NEW YORK (CNNMoney.com) -- Just before 3 p.m. ET Thursday, shares of Procter & Gamble appeared to have fallen 37%, helping trigger a massive 900-point sell-off in the Dow Jones industrial average.
The huge drop in P&G's stock - reportedly from more than $60 to less than $40 - is widely believed to have been a trading glitch.
At around 2:45 p.m. ET, P&G's (PG, Fortune 500) stock had fallen 10% to $56 on the New York Stock Exchange, triggering a "circuit breaker." At that point, the NYSE slowed the trading of the stock for less than a minute. During that short time, other stock exchanges were allowed to trade P&G's stock price on their own, instead of getting the price from NYSE.
According to Procter & Gamble and the NYSE, the Nasdaq stock exchange may have misprinted a quote of $39.37 a share. It is also possible that the electronic trades actually occurred, but they were made in error.
Late on Thursday Nasdaq said it had no technology or system issues associated with the trading that occurred between 2:00 and 3:00 p.m. ET.

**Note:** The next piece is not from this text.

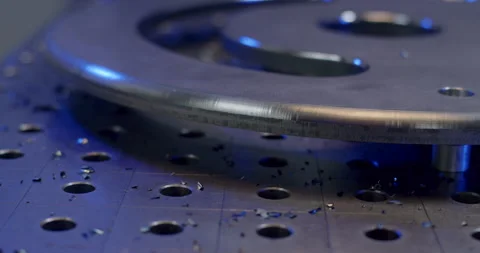 Precision milled circular metal component with smooth beveled edge on CNC table Video stock 329475899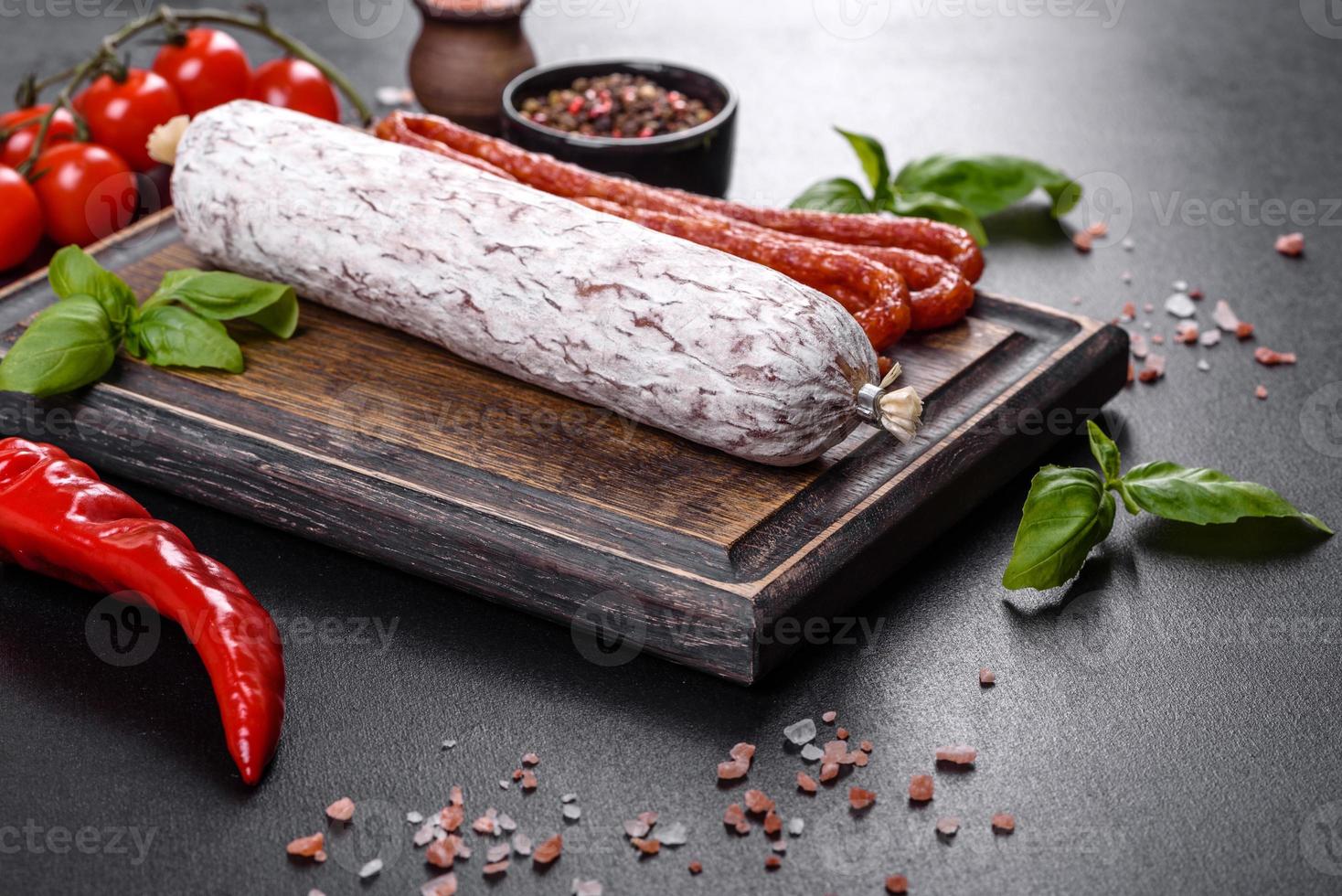 Salame de linguiça seca espanhola em um fundo escuro de concreto foto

But the exchange said that because it coordinates with other US Exchanges, "all trades executed between 2:00 and 3:00 p.m. ET greater than or less than 60%" of the stock price as of 2:40 p.m. ET or immediately prior to that time will be cancelled.
Procter & Gamble is a Dow component, and the reported 37% drop in P&G's stock contributed 172 points to thedrop in the Dow.
"The market was down 400 points before we went into a slowdown," Lawrence Leibowitz, NYSE's chief executive, told CNN. "A lot of the movement when the market went down 1,000 points was due to stocks trading at strange prices. Then it went all the way back up to where we started."
Leibowitz said that stocks are very thinly traded in such situations, which can lead to wild volatility.
That's exactly what happened with Procter & Gamble and a handful of other stocks.
Accenture (ACN) fell from $40.13 at 2:45 p.m. all the way to just 1 cent before quickly rising back to $39.57.
Oxford Industries (OXM) also tanked to $1.34 before soaring back to $19.51 a minute later.
"I don't know if it was a faulty trade," said Leibowitz. "We may find out that those trades were erroneous. A lot of times, those trades will get cancelled later on."
Procter & Gamble confirmed that the drop in its stock price was on the electronically traded Nasdaq exchange.
"Today's low trade was $56," said Jennifer Chelune, spokeswoman for P&G in an e-mailed statement. "Any trade reported below that would have been on the Nasdaq and we're looking into whether those were errors."
The SEC and CFTC said they "are working closely with the other financial regulators, as well as the exchanges, to review the unusual trading activity that took place briefly this afternoon. We are also working with the exchanges to take appropriate steps to protect investors pursuant to market rules."